**Excerpted data**
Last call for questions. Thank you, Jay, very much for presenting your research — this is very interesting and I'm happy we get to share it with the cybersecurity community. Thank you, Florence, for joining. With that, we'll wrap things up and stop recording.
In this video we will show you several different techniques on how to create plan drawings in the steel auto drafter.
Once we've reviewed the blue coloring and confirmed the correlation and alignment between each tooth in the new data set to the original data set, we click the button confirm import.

==

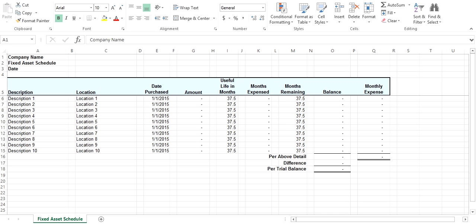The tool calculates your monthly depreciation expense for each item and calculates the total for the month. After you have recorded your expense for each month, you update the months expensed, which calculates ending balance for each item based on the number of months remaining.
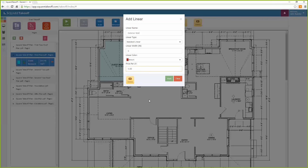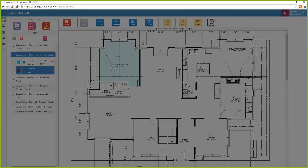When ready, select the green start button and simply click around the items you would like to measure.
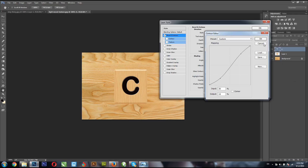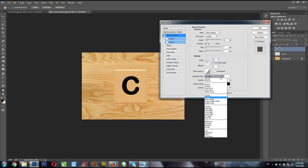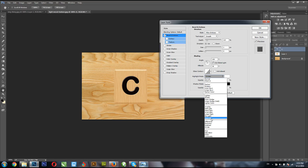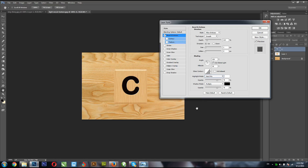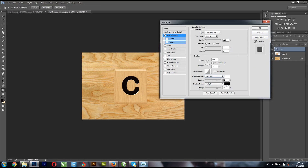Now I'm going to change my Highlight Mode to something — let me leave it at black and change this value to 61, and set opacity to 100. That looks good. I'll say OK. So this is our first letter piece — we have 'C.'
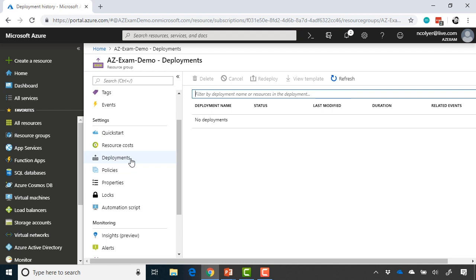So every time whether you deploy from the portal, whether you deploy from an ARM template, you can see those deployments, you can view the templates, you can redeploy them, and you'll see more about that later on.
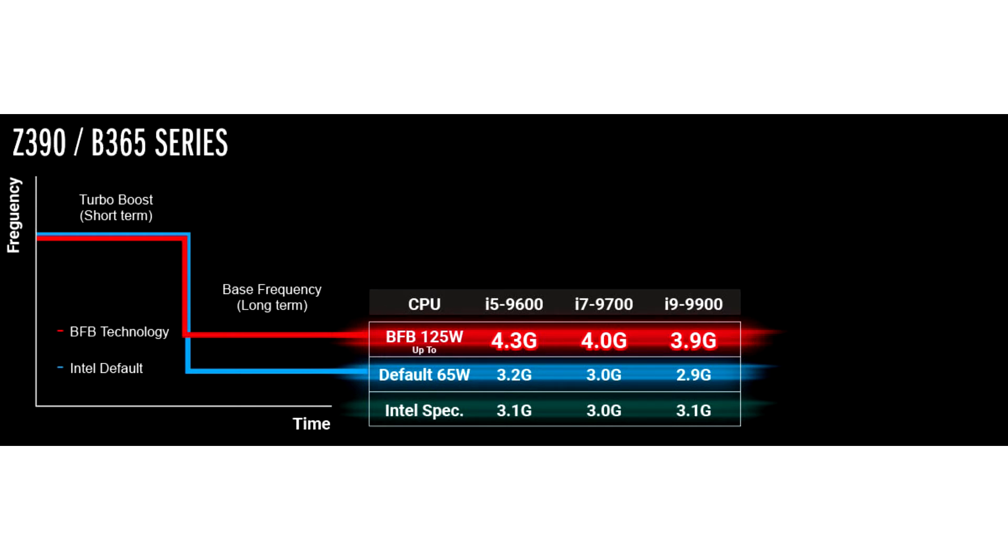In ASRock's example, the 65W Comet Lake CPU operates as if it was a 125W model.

---

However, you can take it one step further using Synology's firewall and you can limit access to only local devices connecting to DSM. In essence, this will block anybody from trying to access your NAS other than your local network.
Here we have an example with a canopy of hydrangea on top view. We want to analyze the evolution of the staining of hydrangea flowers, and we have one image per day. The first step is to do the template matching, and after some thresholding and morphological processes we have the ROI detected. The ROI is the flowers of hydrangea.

**Problem statement**
In the entries above, identify each line that includes the string "with", then copy it.

**Task solution**
Last call for questions. Thank you, Jay, very much for presenting your research — this is very interesting and I'm happy we get to share it with the cybersecurity community. Thank you, Florence, for joining. With that, we'll wrap things up and stop recording.
Here we have an example with a canopy of hydrangea on top view. We want to analyze the evolution of the staining of hydrangea flowers, and we have one image per day. The first step is to do the template matching, and after some thresholding and morphological processes we have the ROI detected. The ROI is the flowers of hydrangea.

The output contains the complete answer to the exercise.